Editorial: Inclusão sob ameaça

O brasileiro vem, nos últimos anos, experimentando possibilidades de ser solidariamente responsável – ou responsavelmente solidário, dependendo do ângulo que se analise o comportamento. As motivações variam: uns buscam se fortalecer como cidadãos, outros visam a solidificar os fundamentos da vida em coletividade; uns se propõem a corrigir situações históricas com efeitos nocivos de longo prazo, outros tentam incluir pessoas nas bases produtivas das comunidades. Há razões para todos e, admitamos, são razões justas.

Pois tramita no Congresso Nacional, inicialmente em regime de urgência, mas já retirada essa condição, projeto que propõe alterações legislativas que atingem de modo drástico a política de inclusão das pessoas com deficiência no mercado de trabalho. É o PL 6159/2019, que deu entrada na Câmara dos Deputados. A iniciativa elimina, de maneira tão aguda quando inexplicável, direitos que vêm sendo implementados, à custa de debates e apreciações jurídicas e científicas, no decorrer das últimas décadas, com ganhos inquestionáveis para parcelas mais desfavorecidas da sociedade.

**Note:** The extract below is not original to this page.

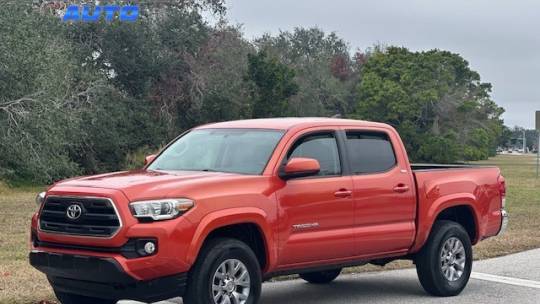 2017 Toyota Tacoma TRD Sport — Pickup Truck — 82,576 mi — Sarasota, FL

Entre vários pontos, já sob contestações de organismos que se relacionam aos mundos do trabalho e da inclusão de pessoas com deficiência, a matéria determina que sejam excluídas todas as vagas nas empresas de prestação de serviços terceirizados e temporários contratadas por órgãos públicos, desobrigando-as de cumprir a cota de quem tem deficiência ou tenha sido reabilitado.

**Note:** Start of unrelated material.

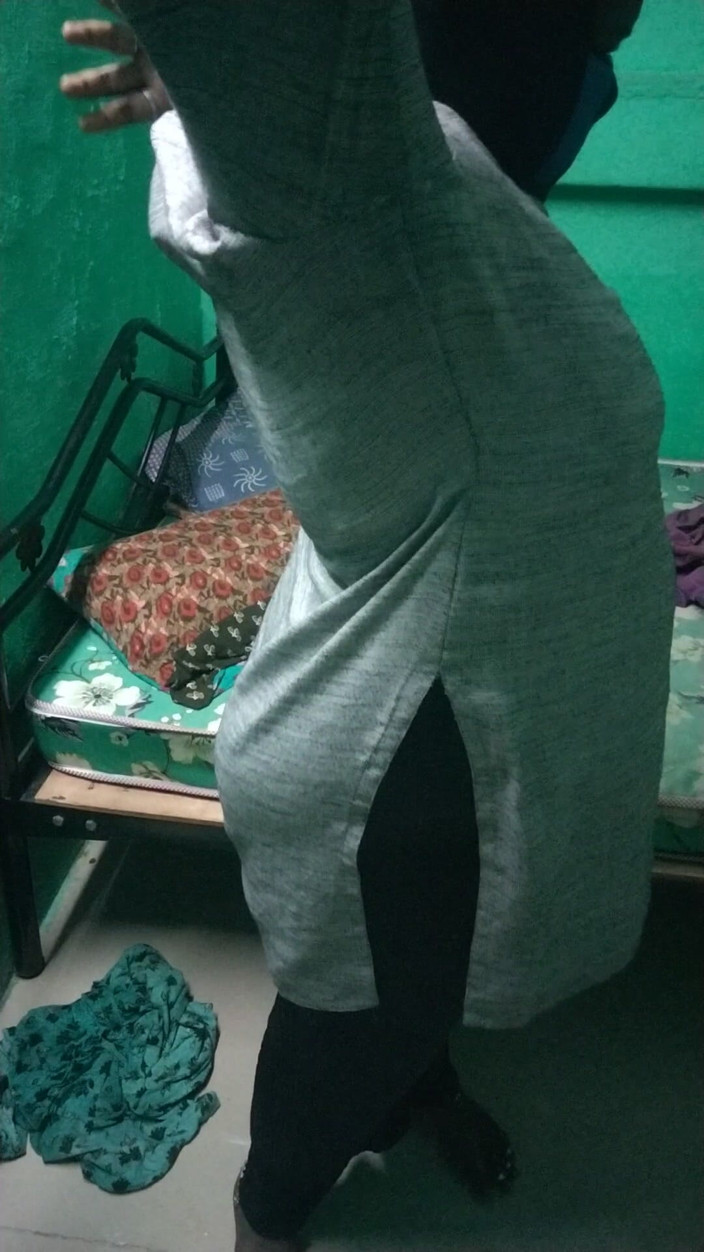 Tamil lesbian: Jurk met hete seks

O texto estabelece, ainda, que as pessoas com deficiência tenham de requerer a suspensão do pagamento do Benefício de Prestação Continuada, acessível a quem tem condições distintas, antes de requerer o auxílio-inclusão – numa medida fragilizadora, a ser tomada sem que se saiba se será ou não concedido o benefício.

Outro item permite que as empresas substituam a obrigatoriedade de contratação de pessoas com deficiência pelo pagamento de multa correspondente a dois salários mínimos, durante três meses (cerca de R$ 4 mil), valor que será absorvido pelo Programa de Habilitação e Reabilitação Física e Profissional.

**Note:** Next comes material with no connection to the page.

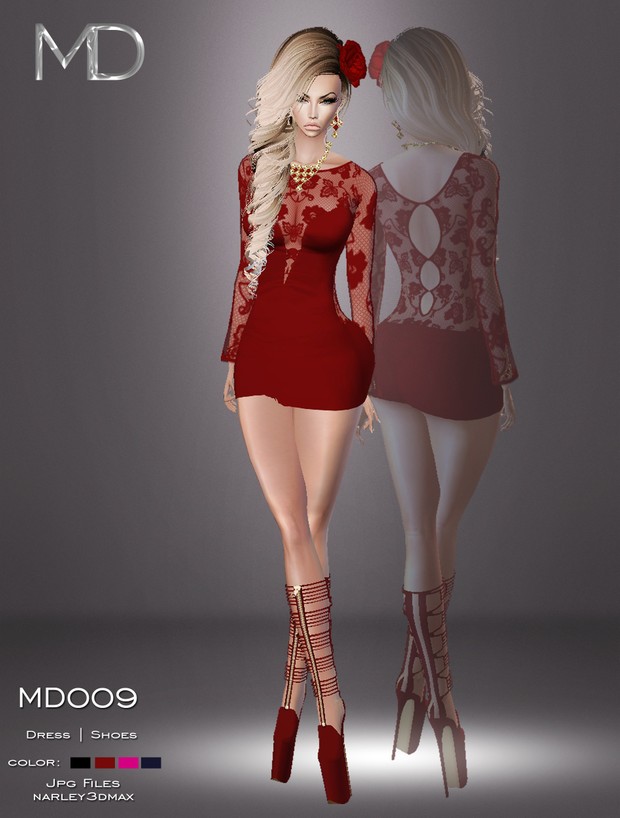 MD009 - Texture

O projeto, elaborado pela equipe do Ministério da Economia, tem, de fato, argumentos que levam em consideração a situação do mercado, diante da necessidade de se retomar o crescimento. O principal é o de que as empresas precisam ser desoneradas para que possam funcionar, ter rentabilidade e lucro, além da capacidade de gerar receitas públicas e, assim, sustentar a economia. Não é um argumento desprezível, claro, mas exige que se analise o assunto não apenas sob a frieza dos números, mas sob o calor da dignidade. E, também, que seja visto sob a lógica de que os princípios e os fins de quaisquer empreendimentos têm vínculos indissolúveis com a Nação e seus alicerces, sem os quais perderiam até mesmo as mais básicas razões de existir.

Já há reações políticas de grupos organizados em torno do projeto, com a rejeição manifesta de todo o conteúdo. As pressões se fazem, primordialmente, sobre as instâncias parlamentares, às quais cabe apreciar a pertinência e a legalidade da proposta.

Mas há também os julgamentos do cidadão e da história. E esses tendem a ser rigorosos e implacáveis.